[[ MATERIAL FOR THE TASK, beginning ]]
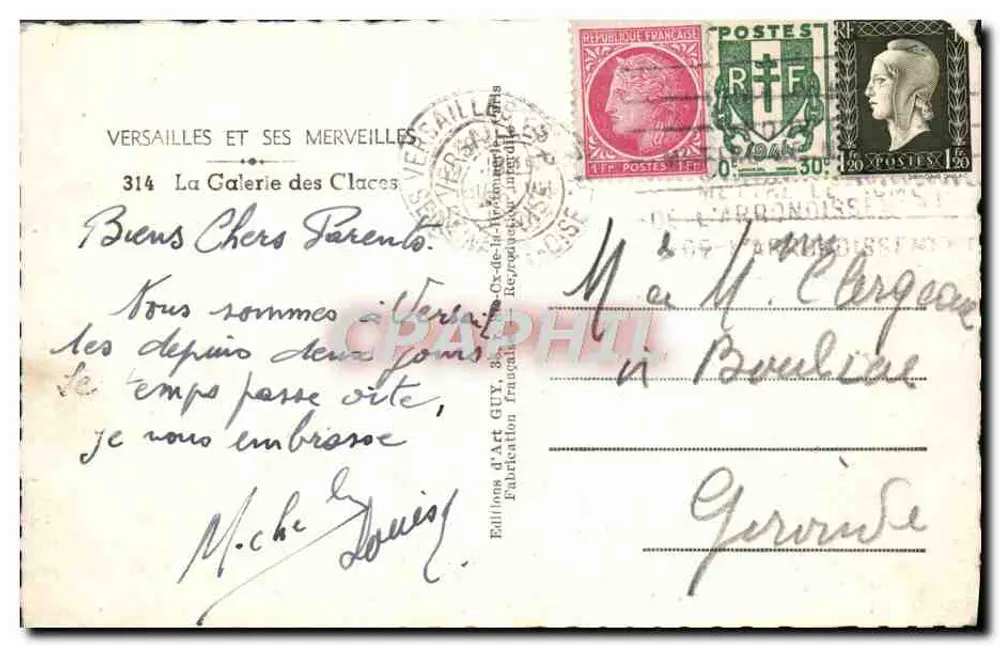 A Galeria dos Espelhos — Versailles — Éditions d'Art Guy - Verso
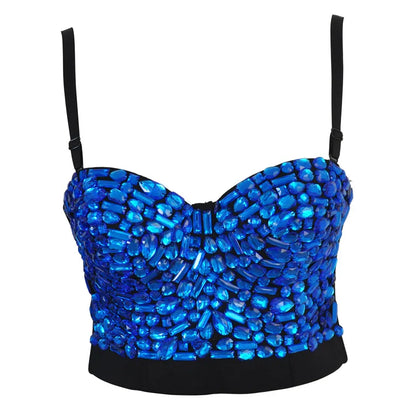 Hand Sewn Beaded Suspender Bra Top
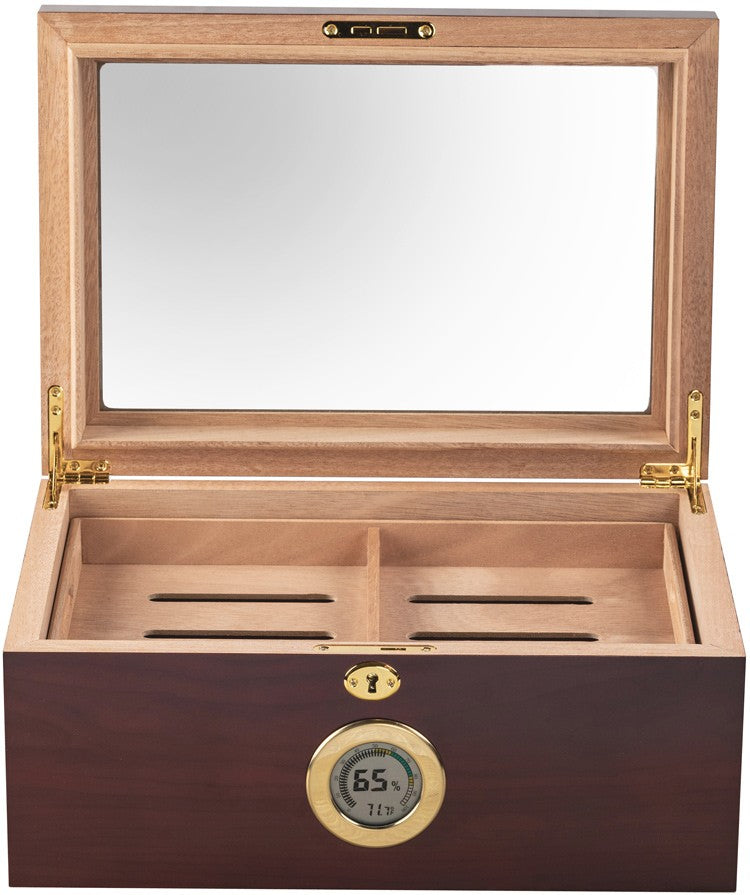 Prestige Import Group 100 Ct. Humidor w/ Glass Top & External Digital Hygrometer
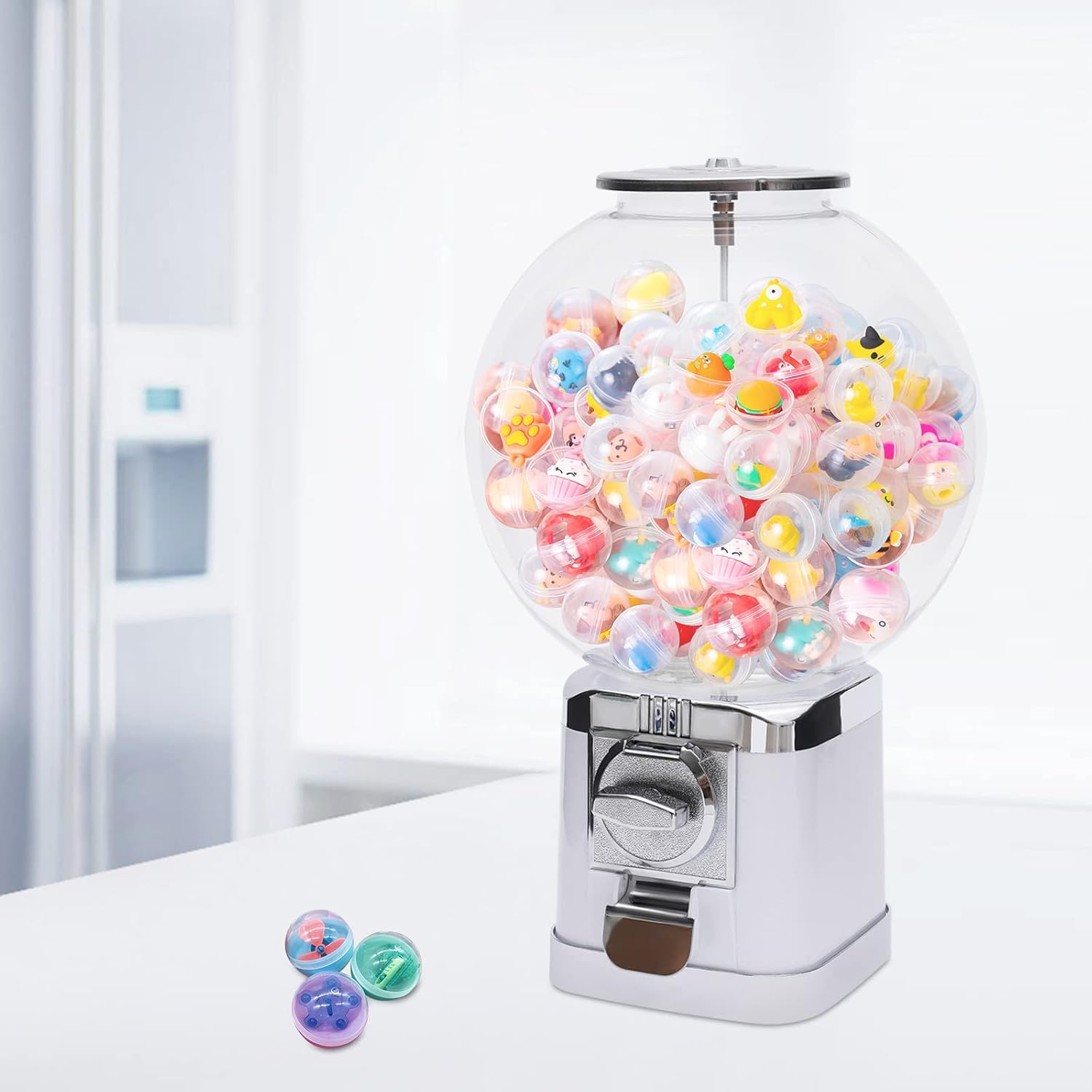 Máquinas expendedoras blancas, máquina de chicles de caramelo para caramelos de 1.26 pulgadas, dispensador de caramelos de chicle para niños,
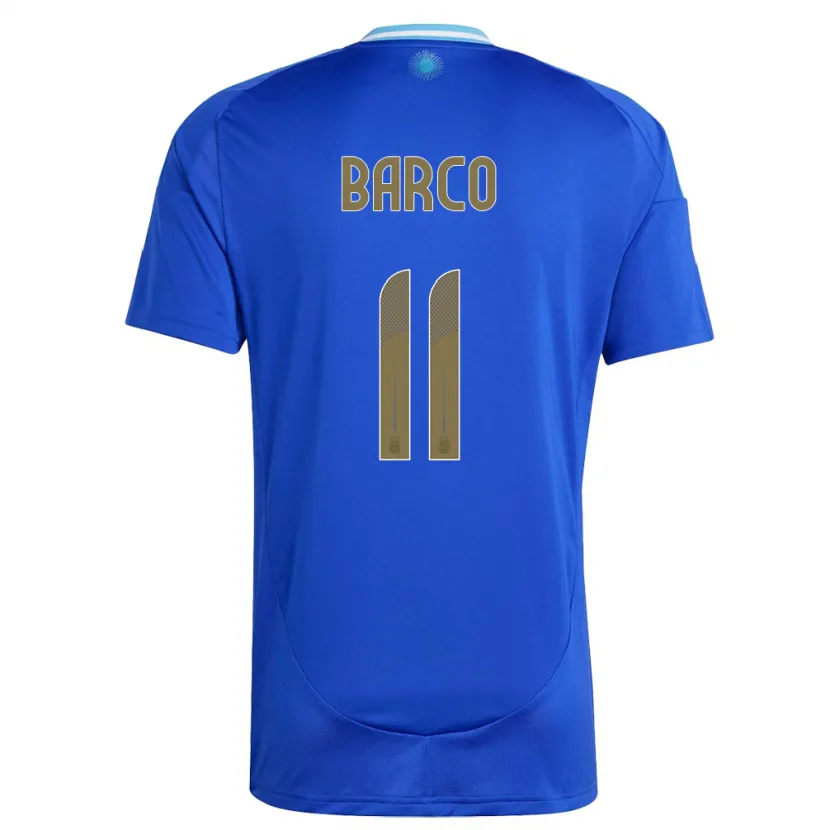 Danxen Mann Argentina Ezequiel Barco #11 Blå Bortetrøye Drakt Trøye 24-26 Skjorter T-Skjorte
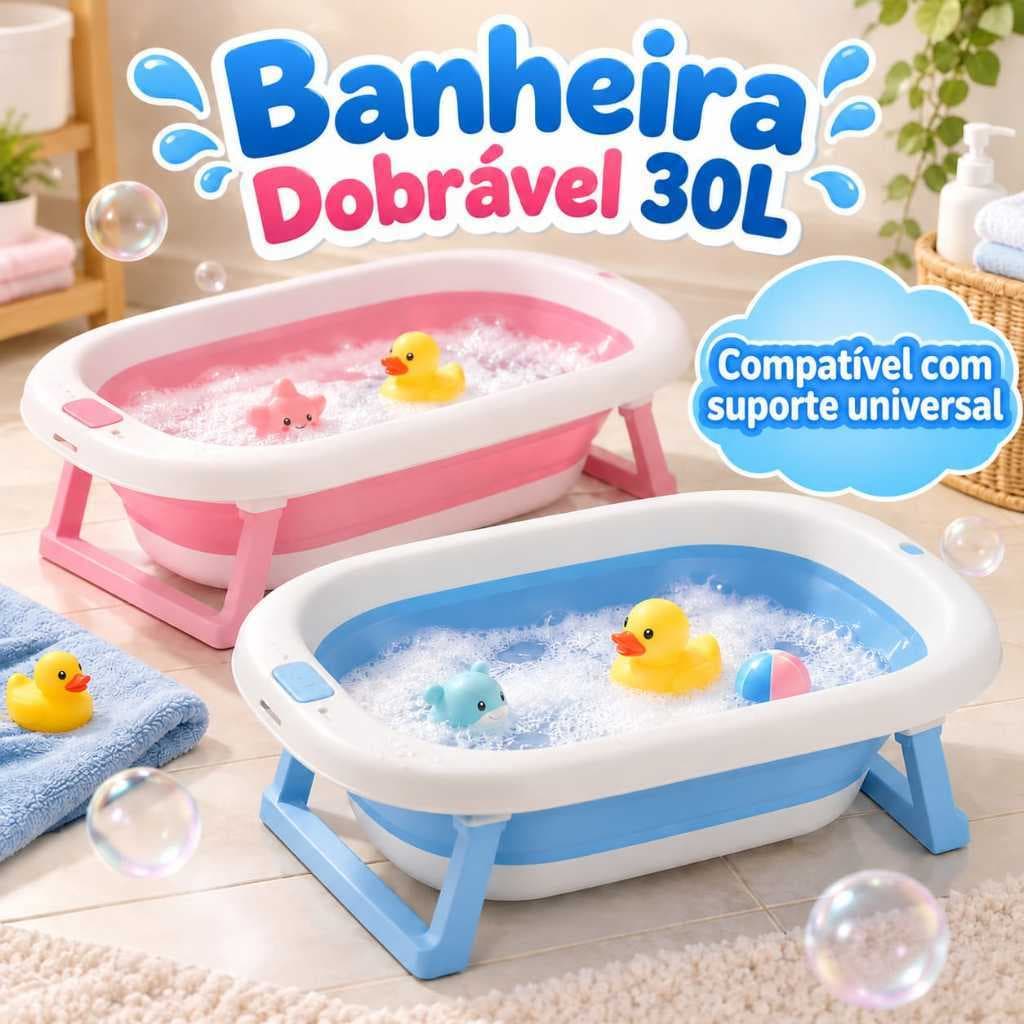 Banheira de Bebê Dobrável Grande 30 Litros Retrátil Portátil Infantil Recém Nascido Menina Menino com Trava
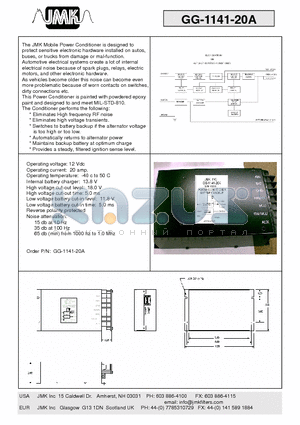 GG-1141-20A datasheet - Operating voltage: 12 Vdc Operating current: 20 amp.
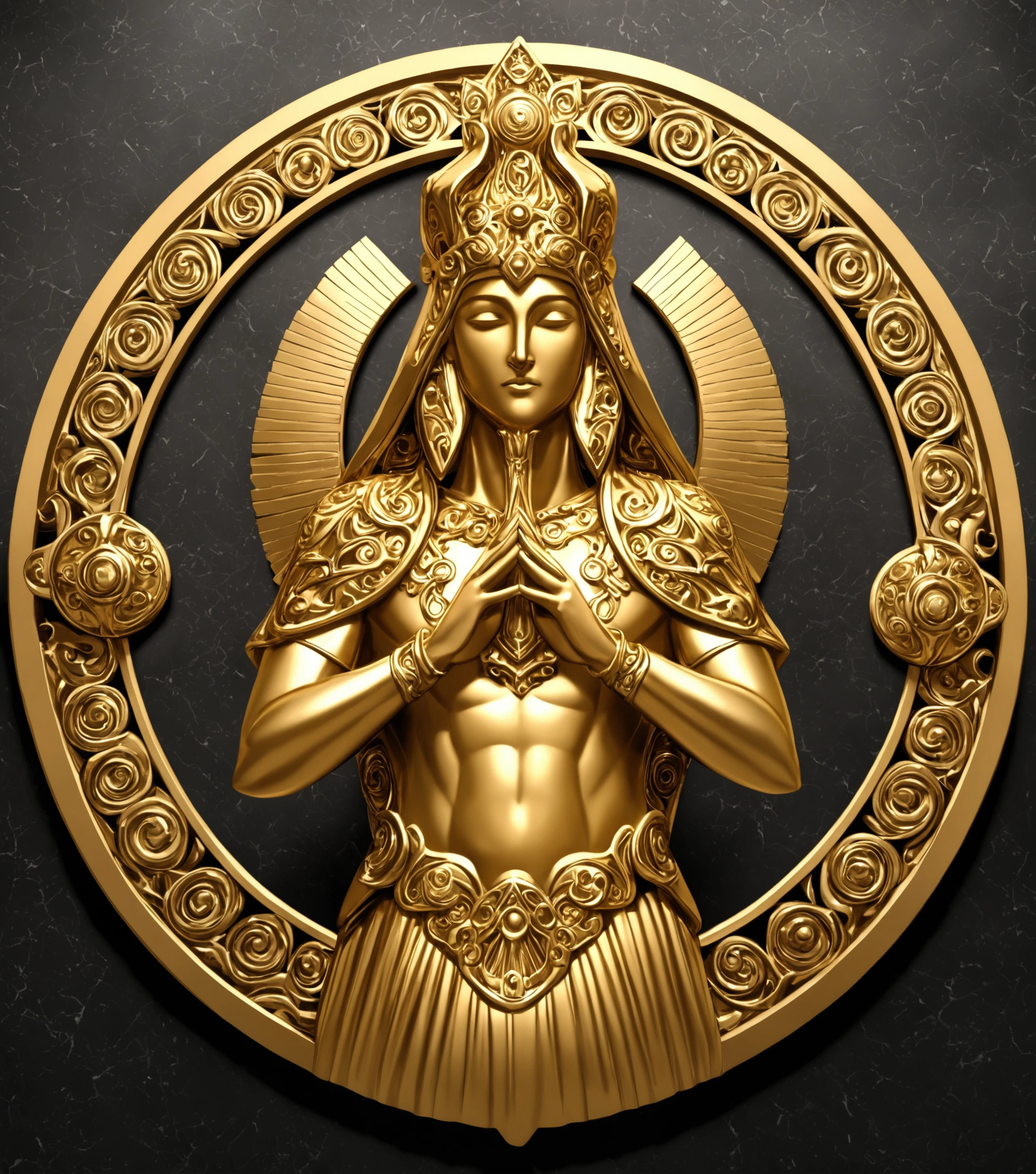 Create a 3D statue of God logo, Metal, gold, titanium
[[ MATERIAL FOR THE TASK, end ]]
WHAT THE EXERCISE ASKS => Please repeat the records above exactly, leaving every picture out.

SOLUTION =>
 A Galeria dos Espelhos — Versailles — Éditions d'Art Guy - Verso
 Hand Sewn Beaded Suspender Bra Top
 Prestige Import Group 100 Ct. Humidor w/ Glass Top & External Digital Hygrometer
 Máquinas expendedoras blancas, máquina de chicles de caramelo para caramelos de 1.26 pulgadas, dispensador de caramelos de chicle para niños,
 Danxen Mann Argentina Ezequiel Barco #11 Blå Bortetrøye Drakt Trøye 24-26 Skjorter T-Skjorte
 Banheira de Bebê Dobrável Grande 30 Litros Retrátil Portátil Infantil Recém Nascido Menina Menino com Trava
 GG-1141-20A datasheet - Operating voltage: 12 Vdc Operating current: 20 amp.
 Create a 3D statue of God logo, Metal, gold, titanium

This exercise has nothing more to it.